The Horn of Africa (HOA), comprising of Djibouti, Eritrea, Ethiopia, Somalia and Sudan is the most conflict-ridden region in the continent. These festering conflicts are underpinned by historical, socio-economic and interlinked factors. These intra-state and inter-state conflicts have over time compounded by a combination of intra-regional and international intervention. Such interventions have been driven by competing national interests, and a host of factors: economic, political, and security, strategic—linked to the war on terror and the international concerns related to acts of piracy off the coast of Somalia.
International intervention in the region has in some regards contributed to the intractability of the conflicts and insecurity in the region. The presence of international actors including the United States, France, and more recently China, as well as the activities of transnational criminal networks call for more scientific and critical studies about the nature of the conflict dynamics and its regional dynamics. These interlinked conflicts and insecurities would definitely require holistic multidimensional approaches and mechanisms, that go beyond the protracted and narrow, fragmented ‘nationalist’ and politicized perspectives that tend to characterize studies on the conflicts in the Horn.
These convoluted problems are also embedded within the precarious project of state building in the HOA. The states in the HOA are defined as either failed or fragile. The modern state is characterised by certain features, notably bureaucratisation, institutionalisation and democratisation which are in dearth in the region. These are interlinked variables that increasingly define modern state building process. The process and evolution of modern state building in HOA could be linked to three factors that are broadly believed to account for the malfunctioning of the state, which in turn may explain the spate of inter-state and intra-state conflicts bedevilling the region.

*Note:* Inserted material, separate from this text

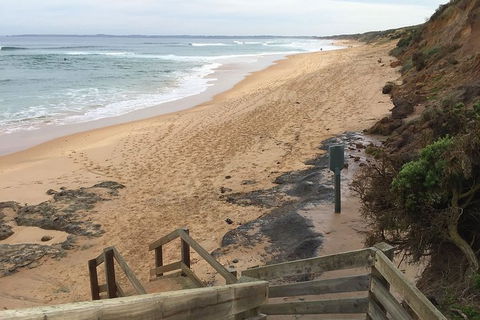 Half Day Phillip Island Woolamai Walking Tour - Tourism Brisbane 11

One of these relate to the legacies of colonial history, the legacies of the Cold War, and internal cleavages and political conflicts. The Sudan, Somalia, Djibouti and Eritrea relate to the first and second, while Ethiopia can be linked to the second and third factors. The alienation of indigenous institutions, authorities and practices, internal contradictions and division as well as external powers have, arguably, affected the states in the region leading to crises, conflicts and instability.